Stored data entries

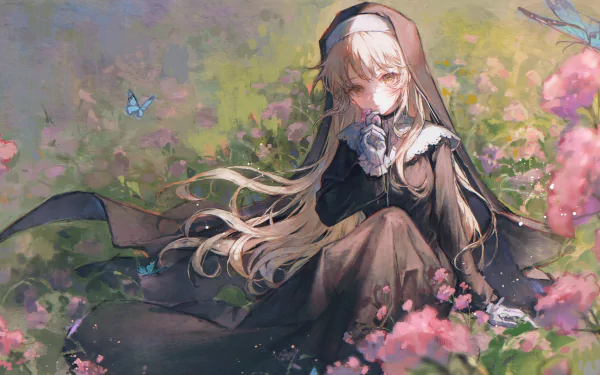 Sister Cleaire (Virtual Youtuber) nun long hair flower butterfly blonde brown eyes Nijisanji Anime Virtual Youtuber HD Desktop Wallpaper | Background Image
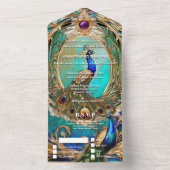 Peacock art nouveau retro luxe all in one uitnodiging (Binnen)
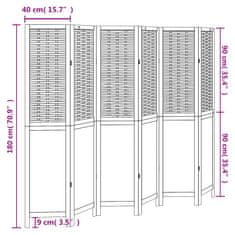 Vidaxl Paraván 6dílný tmavě hnědý masivní dřevo pavlovnie
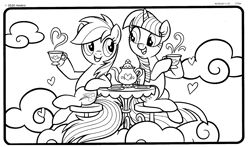 Size: 1903x1117 | Tagged: safe, imported from derpibooru, rainbow dash, twilight sparkle, alicorn, pegasus, pony, cloud, coloring book, coloring page, cup, duo, duo female, female, folded wings, grin, heart, hoof hold, leaning back, looking at each other, looking at someone, mare, official, open mouth, open smile, plate, sitting, smiling, steam, stool, table, tablecloth, tea party, teacup, teapot, wings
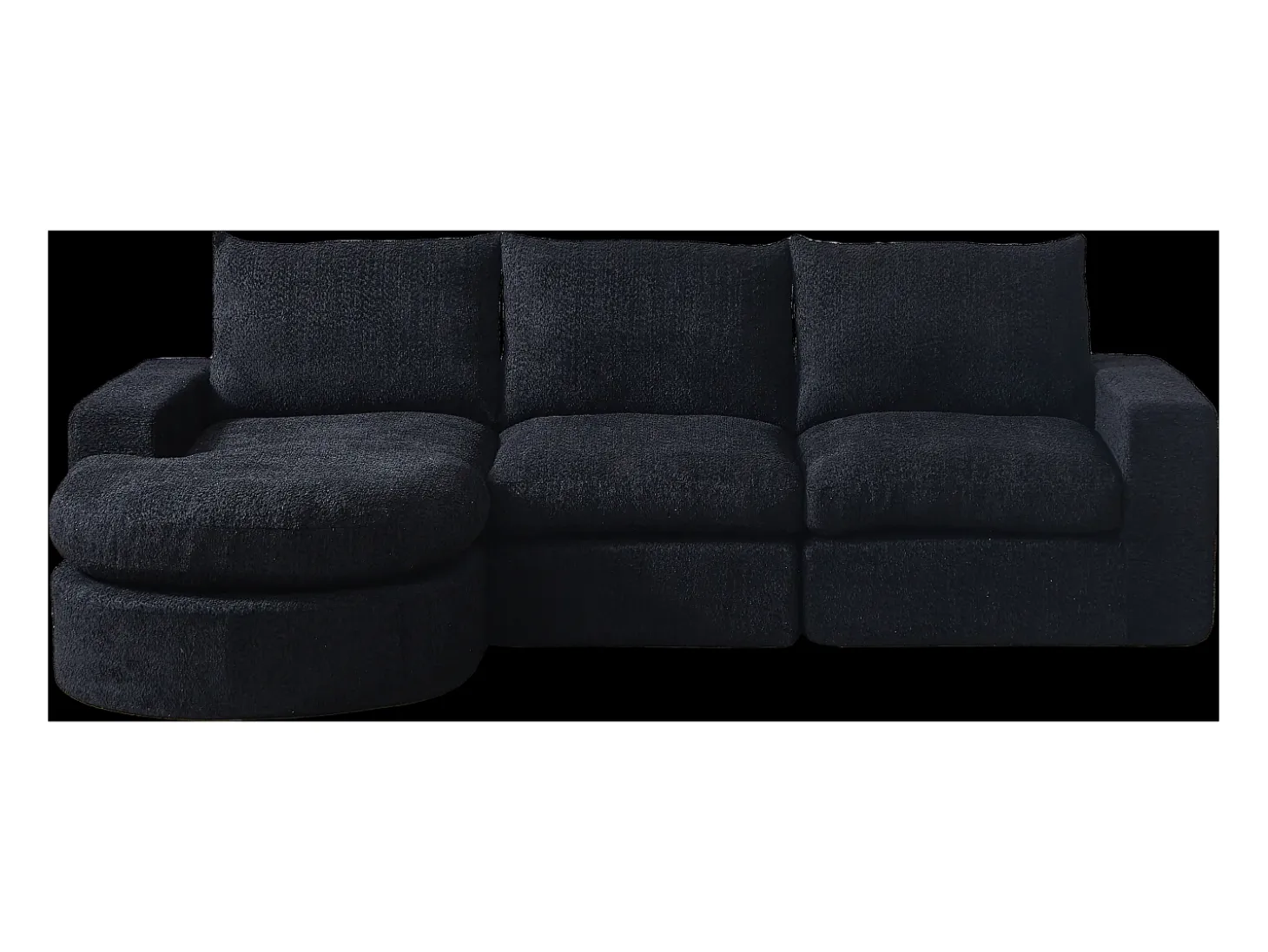 Sofá de canto de 3 lugares com chaise longue e 3 almofadas - Tecido chenille preto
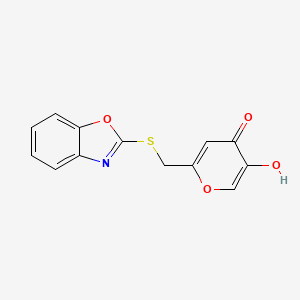 2-((benzo[d]oxazol-2-ylthio)methyl)-5-hydroxy-4H-pyran-4-one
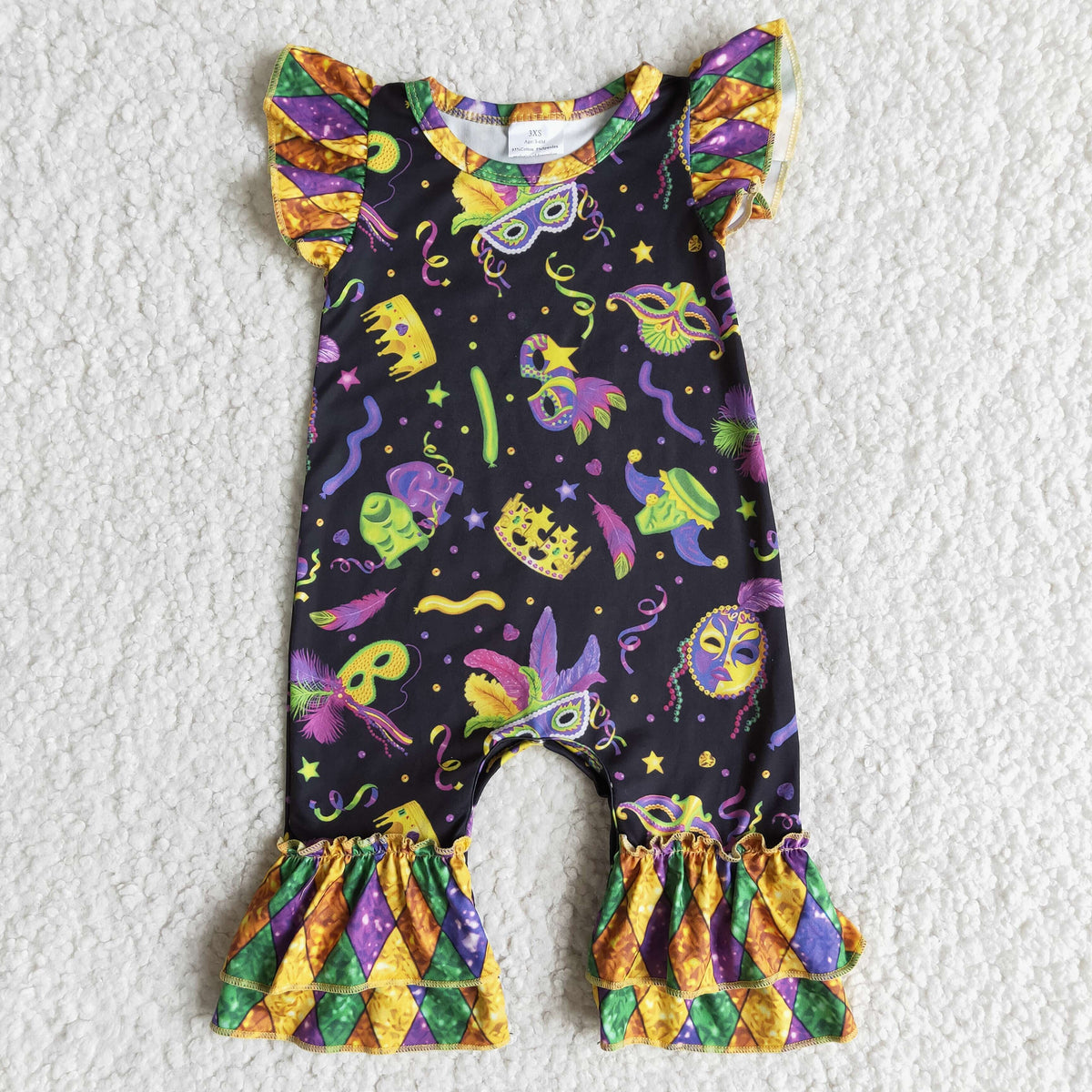 (Promotion)E7-14 Mask Print Baby Girls Mardi Gras Ruffle Romper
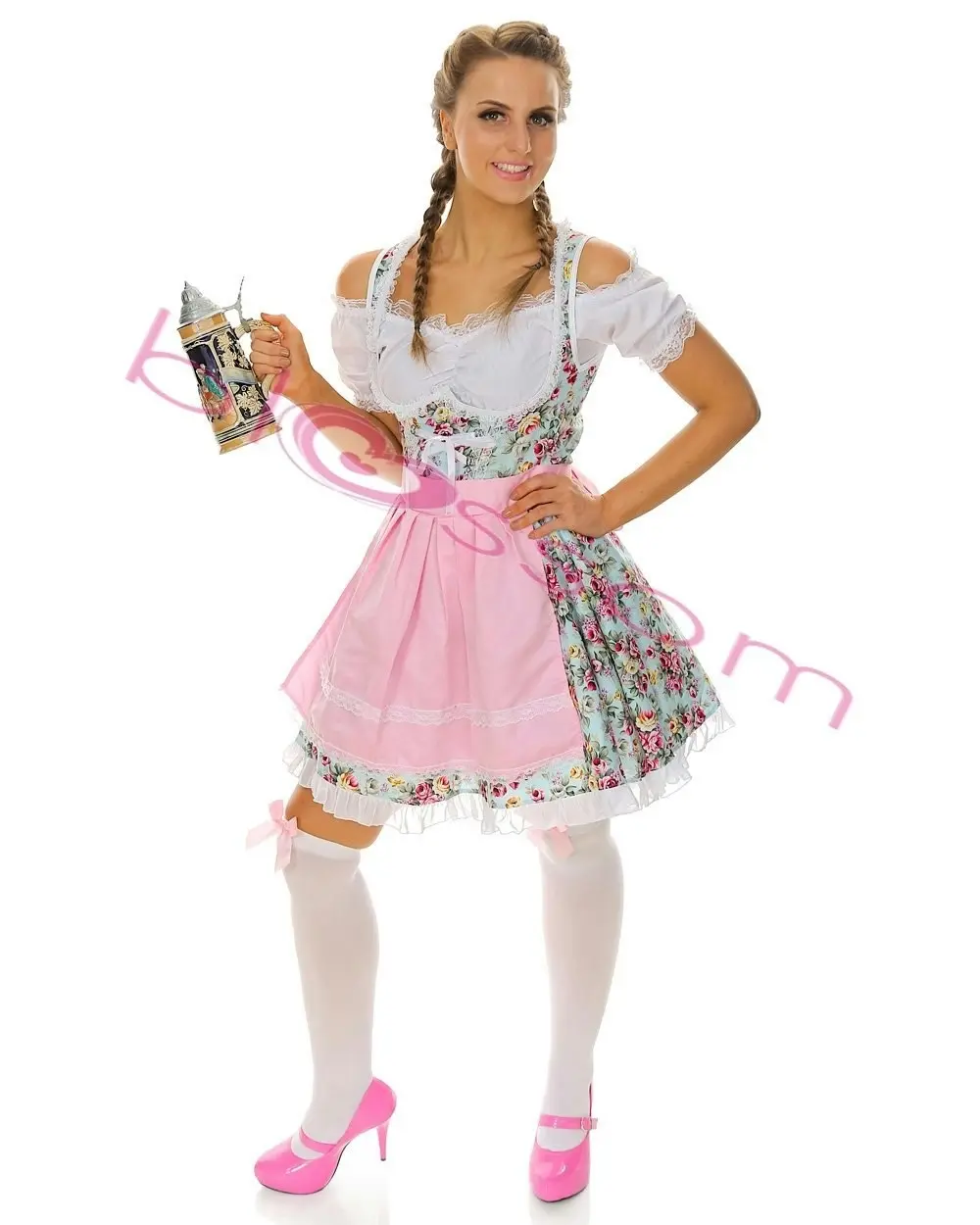 Pretty Floral Beer Oktoberfest Womens Costume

▶ DIRECTIONS FOR THIS TASK: Return each record as written, minus its images.

▶ REPLY TO THE TASK:
 Sister Cleaire (Virtual Youtuber) nun long hair flower butterfly blonde brown eyes Nijisanji Anime Virtual Youtuber HD Desktop Wallpaper | Background Image
 Peacock art nouveau retro luxe all in one uitnodiging (Binnen)
 Vidaxl Paraván 6dílný tmavě hnědý masivní dřevo pavlovnie
 Size: 1903x1117 | Tagged: safe, imported from derpibooru, rainbow dash, twilight sparkle, alicorn, pegasus, pony, cloud, coloring book, coloring page, cup, duo, duo female, female, folded wings, grin, heart, hoof hold, leaning back, looking at each other, looking at someone, mare, official, open mouth, open smile, plate, sitting, smiling, steam, stool, table, tablecloth, tea party, teacup, teapot, wings
 Sofá de canto de 3 lugares com chaise longue e 3 almofadas - Tecido chenille preto
 2-((benzo[d]oxazol-2-ylthio)methyl)-5-hydroxy-4H-pyran-4-one
 (Promotion)E7-14 Mask Print Baby Girls Mardi Gras Ruffle Romper
 Pretty Floral Beer Oktoberfest Womens Costume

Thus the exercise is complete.